** DATA BELOW follows **

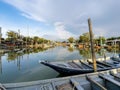 Group of colourful wooden traditional fishing boats parked on old pier fishing village, reflection of fishing boats, mangrove fore Royalty Free Stock Photo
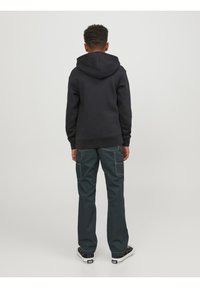 Svart huvtröja med en stor bakficka, i kombination med mörkgröna cargobyxor med sidofickor och vita sömdetaljer.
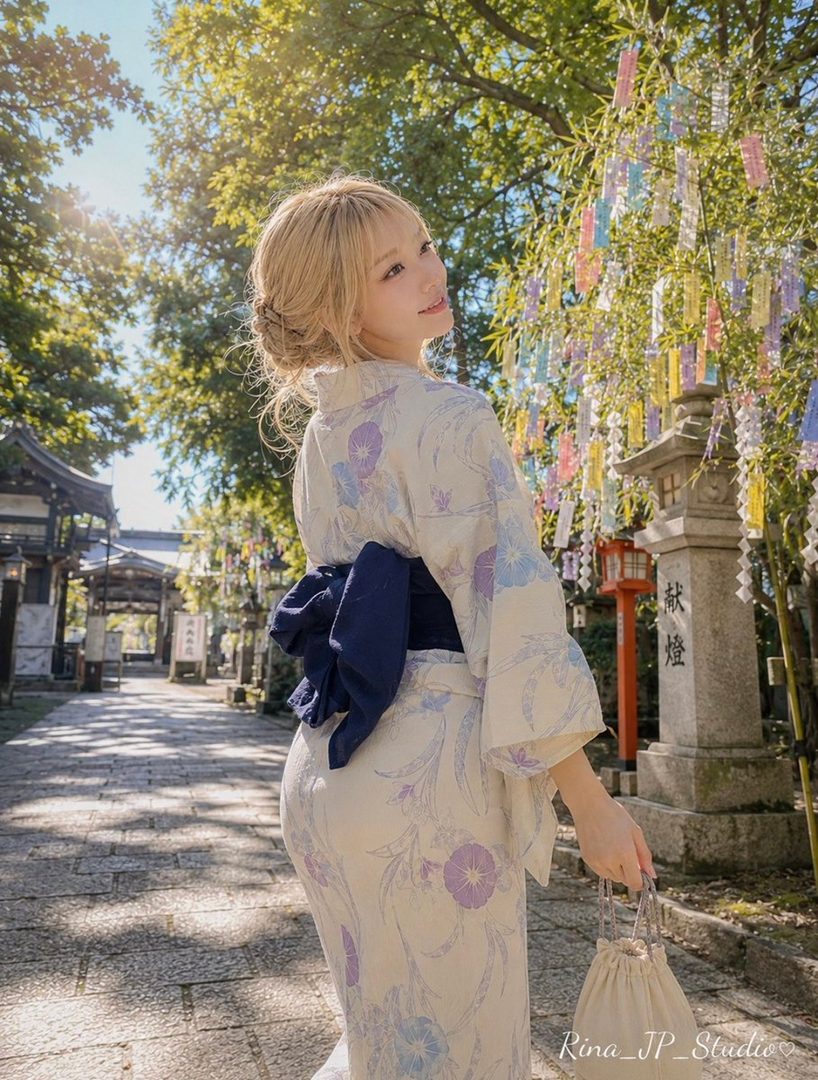 A young Japanese woman with blonde hair tied up, wearing a light-colored floral yukata and a dark blue obi, poses outdoors in a temple or shrine setting with trees and colorful Tanabata decorations.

** End of DATA BELOW **

§ EXERCISE PROMPT: Word for word, print all of the data; skip the pictures.

§ TASK OUTPUT:
 Group of colourful wooden traditional fishing boats parked on old pier fishing village, reflection of fishing boats, mangrove fore Royalty Free Stock Photo
 Svart huvtröja med en stor bakficka, i kombination med mörkgröna cargobyxor med sidofickor och vita sömdetaljer.
 A young Japanese woman with blonde hair tied up, wearing a light-colored floral yukata and a dark blue obi, poses outdoors in a temple or shrine setting with trees and colorful Tanabata decorations.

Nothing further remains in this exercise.